Exports, the mainstay of the nation’s economic growth, are expected to drop 8.28 percent in the fourth quarter, after gaining 18.07 percent in the first half and 8.05 percent in the third quarter, the DGBAS said last week.
Shrinking export orders have caused the private sector to tighten its belt, with private investment expected to drop 11.4 percent in the last quarter, putting the annual figure at minus 2.87 percent this year, the agency said.
Unlike their counterparts in the US and Europe, Taiwanese employers tend to retain glut workers until the Lunar New Year out of sympathy, Wu said, making it premature to speculate on when the jobless rate will peak.
Economists at Citigroup Taiwan shared the gloomy sentiment and predicted in a client note on Friday that the seasonally adjusted unemployment rate for last month would reach 4.2 percent, the highest level since April 2005.
Cheng Cheng-mount (鄭貞茂) and Tina Liao, who coauthored the client note, attributed the rising jobless rate to weaker domestic demand and deteriorating exports.

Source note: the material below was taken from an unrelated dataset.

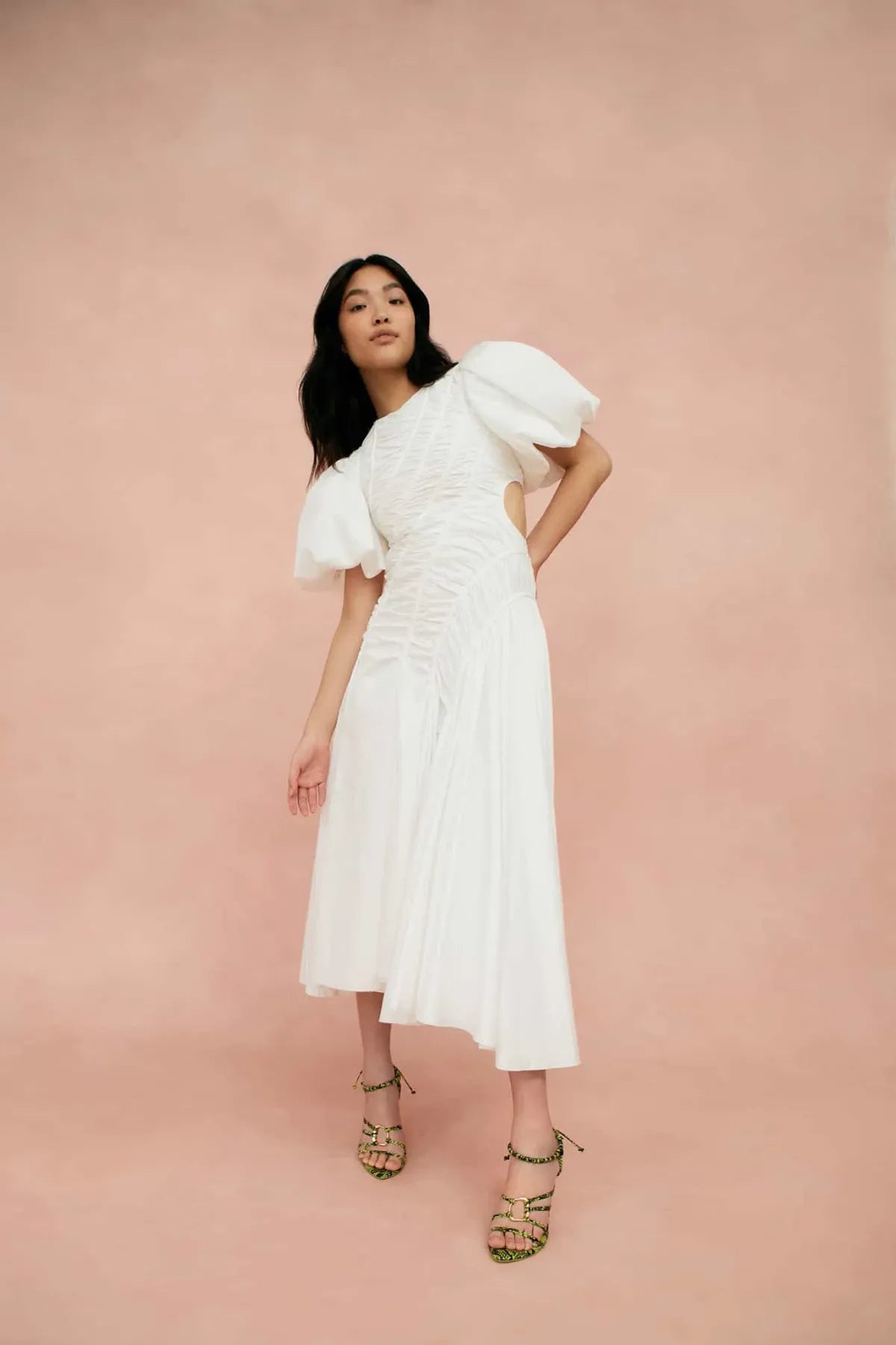 Woman wearing white Siren Drawstring Midi Dress with puffed sleeves and green strappy heels — Aje | Endless UAE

Norman Yin (殷乃平), a money and banking professor at National Chengchih University, said the voucher plan and other stimulus measures would provide some short-term relief, but were not strong enough to reverse the economic downturn.
“Attempts to expand domestic demand will prove evasive,” Yin said by telephone. “The manufacturing industries are bound to suffer amid the global economic recession. The government cannot avert the scenario without ridding the nation of its dependence on exports.”